Episode five gives a bold rope-a-dope, completely shifting the narrative perspective to that of Desiree Washington (a star turn by Li Eubanks). She tells her story as a victim of Tyson direct to the camera, then the court, with unwavering steadiness and strength. Heartbreaking, story-bending, and stomach-churning, the episode seems to nearly bend in on itself with a graceful and moving half hour. A striking, standout segment, it feels meant to be witnessed and felt rather than commented upon. In a show set in a world of excessive violence, here is a hard reminder that most brutality can come from the sway a powerful man has over a vulnerable woman.
For a story so often fraught with busyness, the jabs and the hooks and the ceaseless speedbag flow, that sad core can sometimes be forgotten.
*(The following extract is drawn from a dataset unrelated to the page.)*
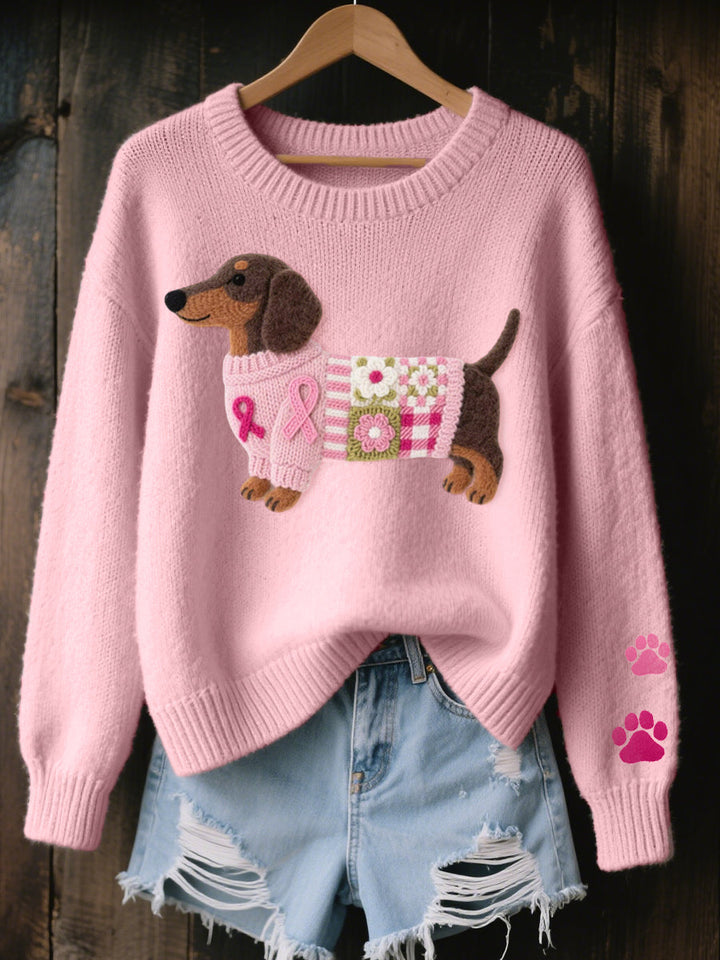 ZARA™ |Knitted jumper with dachshund motif in wool felt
I, Tonya toyed with a similar tonal deficit, casting a villainous, problematic world-class athlete in a stylish, playful light.
Yet in a moment of the recognition of the fragility of the sports psyche, when the likes of Serena Williams and Simone Biles, Kevin Love and Naomi Osaka, are all speaking to the perilous nature of mental health among top athletes, as “the people that are supposed to be looking out for you aren’t,” as the mother of Robin Givens puts it, there seems almost too much to explore about the psyche of the man Mike Tyson: there’s the price of celebrity, the personal cost of extreme success, how exploitative systems burn and churn their product. What’s more, there’s how he reconciled or failed to reconcile a loveless childhood with superstardom, and then this biggie of a question: Should we laugh at, or with him, now?
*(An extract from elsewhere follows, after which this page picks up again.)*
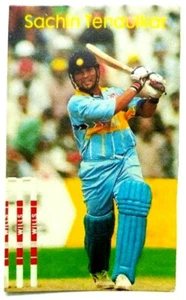 TARJETA DE COMERCIO DE CRICKET FRESCO DE LA INDIA RARA SACHIN TENDULKAR CON DATOS - Imagen 1 de 2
Also, more importantly: How will he be remembered? As a rapist, a crazy man of ceaseless aggression and face tattoos, a domestic abuser, a video-game villain, comedic relief, one of the greatest Heavyweight punchers the world has ever seen? History belongs to those who write it (historian Howard Zinn is also from Brownsville), and for the answer, we won’t have to wait for the next Tyson story project. “You don’t love me no more?” Desiree claims Tyson asked at the end of her attack. Here, chillingly, he addresses it right to the camera. Asking us to wonder ourselves.